Clara fue, durante mucho tiempo, una excelente
bailarina. Bailaba en teatros. Se vestía –junto a otro grupo de gente- con
trajes azules, verdes o blancos. A veces le otorgaban protagónicos. Es decir, un
tiempo considerable para bailar solita sobre el escenario, frente a una
multitud de gente. Sergio dejó de ir a verla. Lo ponía, decía, muy nervioso.
Sentía que ella podría equivocarse. Pensó, también, que él, siguiéndola con su
mirada, podría ponerla nerviosa. Así que –en un supuesto acuerdo mutuo- decidieron
que él no asistiría más a sus espectáculos. Meses después, uno de los
escenarios de la calle Bolívar se derrumbaría. Las maderas estaban, dijeron los
peritos, vencidas. Clara, junto a dos bailarines más, se rompería los
ligamentos cruzados. Nunca volvió a bailar profesionalmente.
-¿Pedimos otra cerveza?- preguntó Sergio.
-Sí, pero no me estás escuchando.
-Sí, te estoy escuchando.
-No, no me estás escuchando- dijo Clara, y miró
para abajo como siempre que hacía cuando se enojaba.
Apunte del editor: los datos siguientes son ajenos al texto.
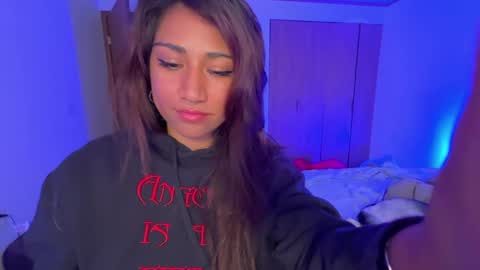 Snapshot of smonkedup chatting on December 3, 8:28 pm Carolina online show from December 3, 8:28 pm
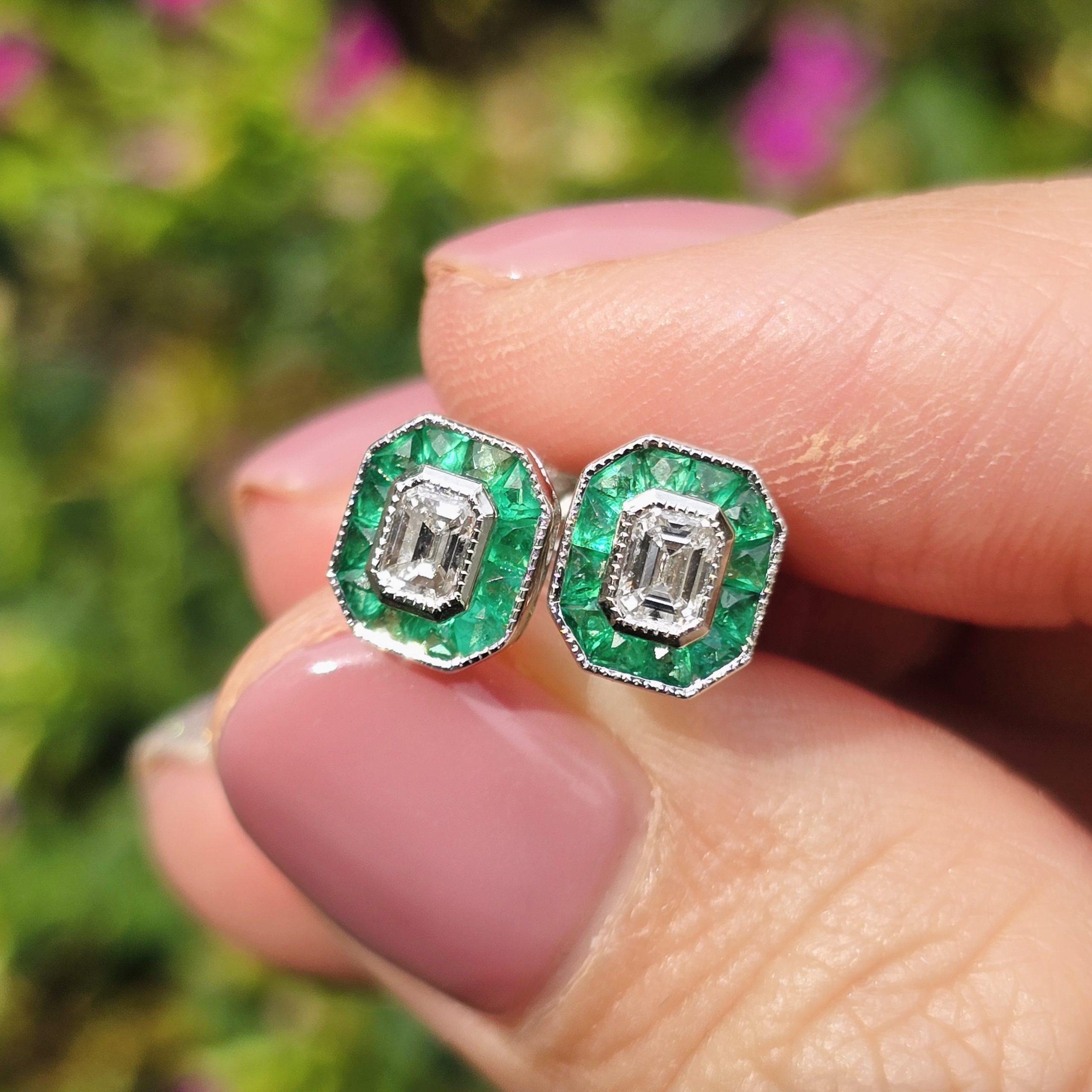Zertifizierter Smaragdschliff-Diamant Smaragd Halo Ohrstecker 14K Weißgold im Zustand „Neu“ im Angebot in Oakton, VA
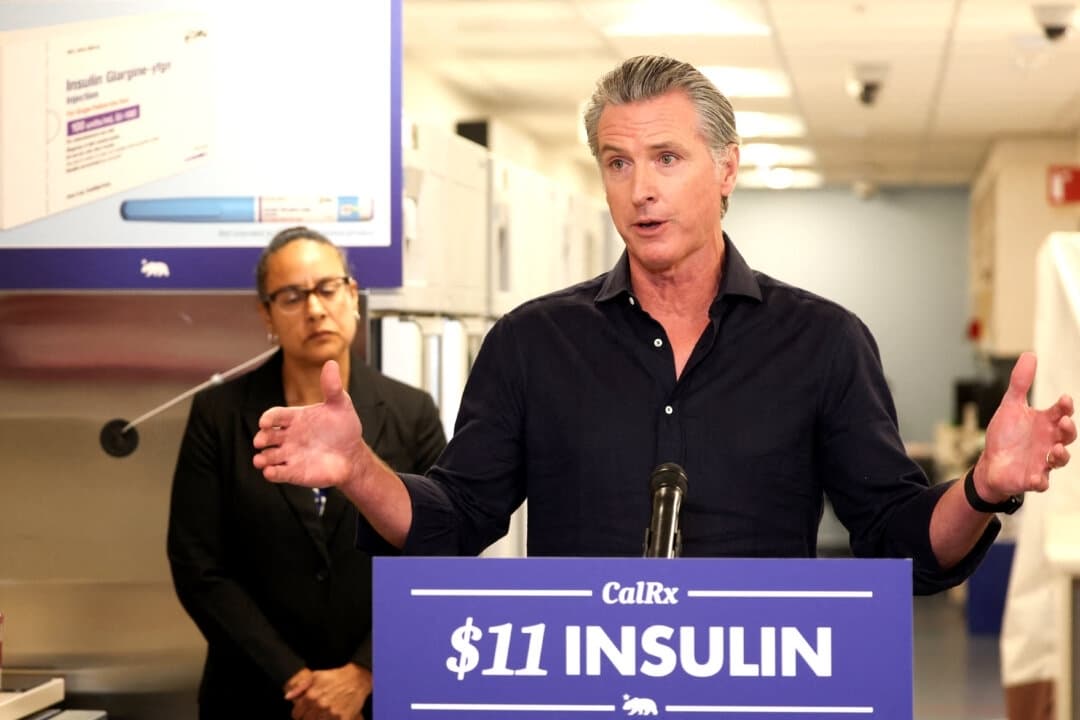 El gobernador de California, Gavin Newsom, habla durante una conferencia de prensa en la que anuncia que la insulina y los medicamentos recetados costarán 11 dólares gracias al programa CalRX, en una farmacia Cedars-Sinai de Los Ángeles, el 16 de octubre de 2025. (Patrick T. Fallon / AFP)
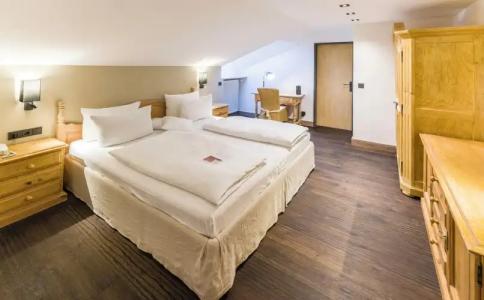 Staudacherhof in Garmisch-Partenkirchen I Blick aufs Zugspitzmassiv I einzigartige Bayurvida Küche - 27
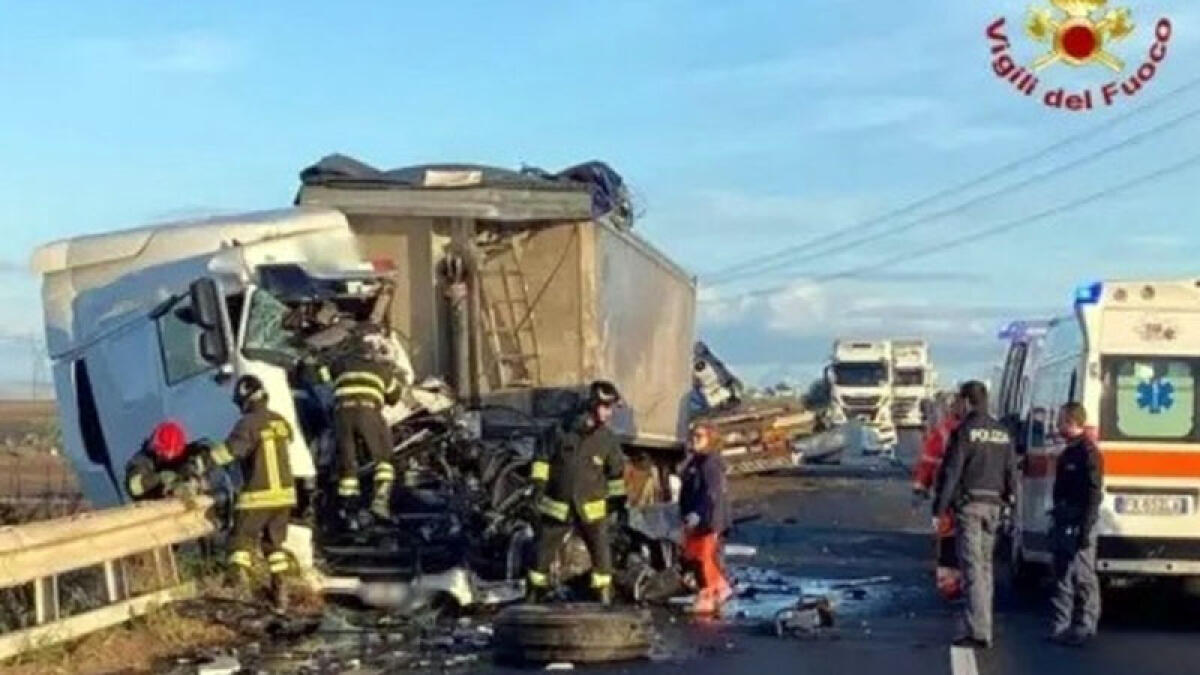 Incidente tra camion, due morti - 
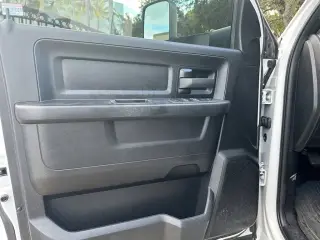 Ram 3500 2022 4x4 Tradesman 4p Camión de cabina doble 8 ft. LB DRW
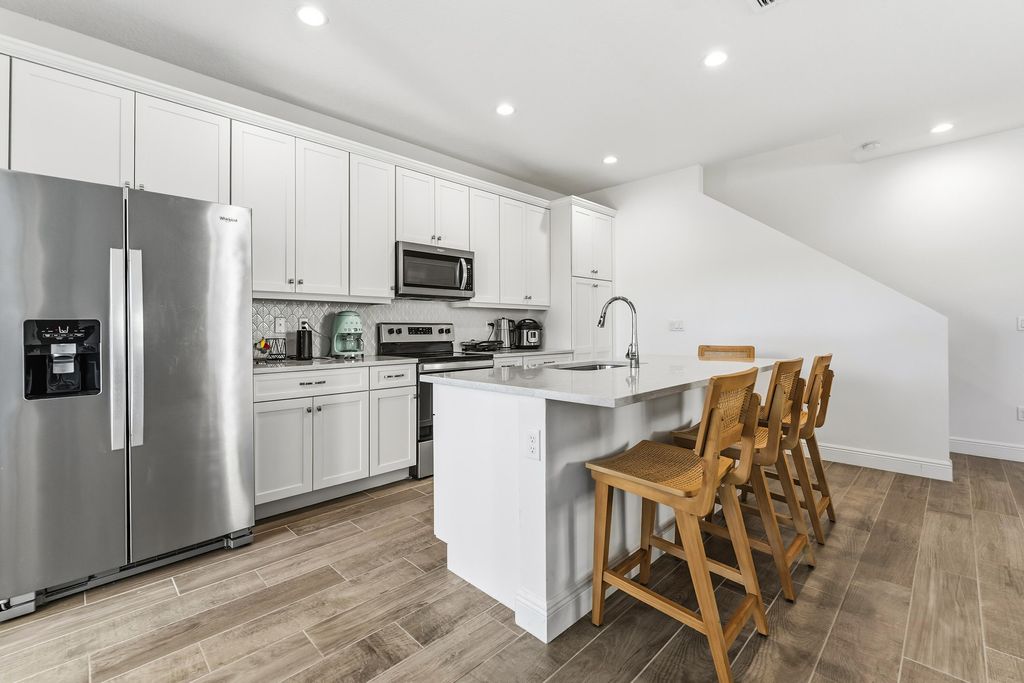 Photo of 550 Parsons Way, Deerfield Beach, FL 33442 (MLS # R11165274)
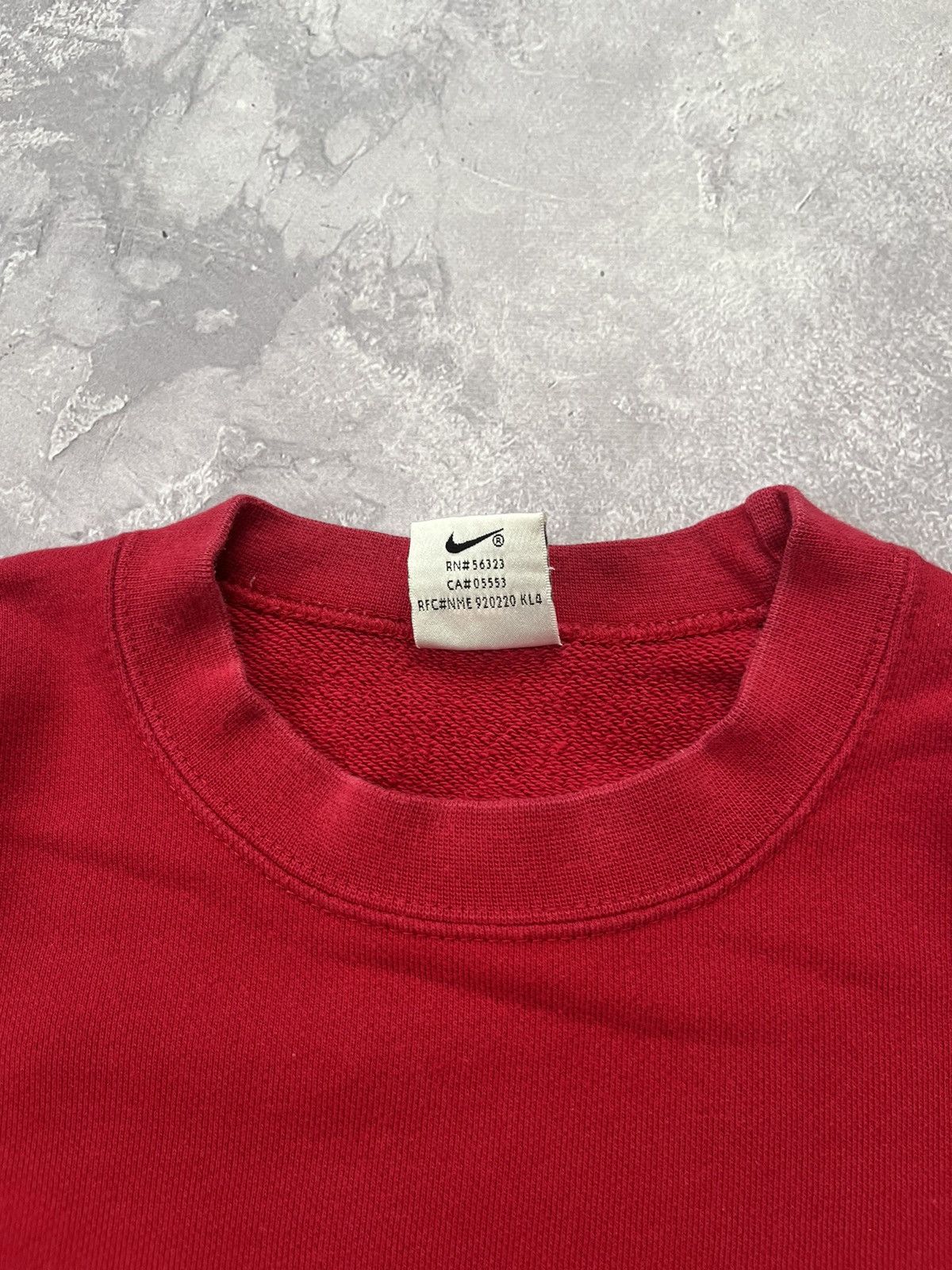Nike Vintage Nike Y2K Sweatshirt Red Size US M / EU 48-50 / 2 - 5 Thumbnail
El mozo- un pibe de no más de veinticuatro años- les
alcanzó hasta la mesa otra Quilmes fría. Le sirvió un vaso a Clara. Luego le
sirvió a Sergio, que le agradeció con un gesto que muy poca gente le ha visto
hacer.
-Bueno, hagamos una cosa, y nada más que porque me
tenés re podrido. Si vos conseguís que alguien de acá, de este barcito de
mierda, te acompañe, yo no me voy a oponer, y listo, vas al boliche.
Clara se tomó la blusa blanca, se prendió uno de
los de los botones rosas que le colgaban, viejos y gastados. Por un momento no
dijo nada, unos minutos en los que los dos tomaron cerveza muy despacito.
Después, ella asintió, dijo “está bien” y se levantó de la mesa.
Ingresó al bar tropezándose, mareada por el
alcohol. La cerveza siempre la ponía en pedo. Sobre todo cuando la tomaba con
mucha espuma. Desapareció –su blusa violeta por las luces del bar se dejó de
ver- cuando por fin atravesó el tumulto de gente que estaba reunido en la
puerta.
Sergio se quedó solo en su mesa. Miraba, de vez
en cuando, a la gente que entraba en el bar, aunque para ese momento de la
noche ya era mayor cantidad la gente que salía de ahí para irse al único
boliche del pueblo: “El Comanche”.
Clara salió con tres mujeres –o quizás eran
cuatro, porque estaban algo dispersas- y, también, con dos hombres que, dijo,
las llevarían al boliche. Le dio un beso en el cachete a Sergio, bajó unos
empinados escalones de cemento, se subió al auto y se fue.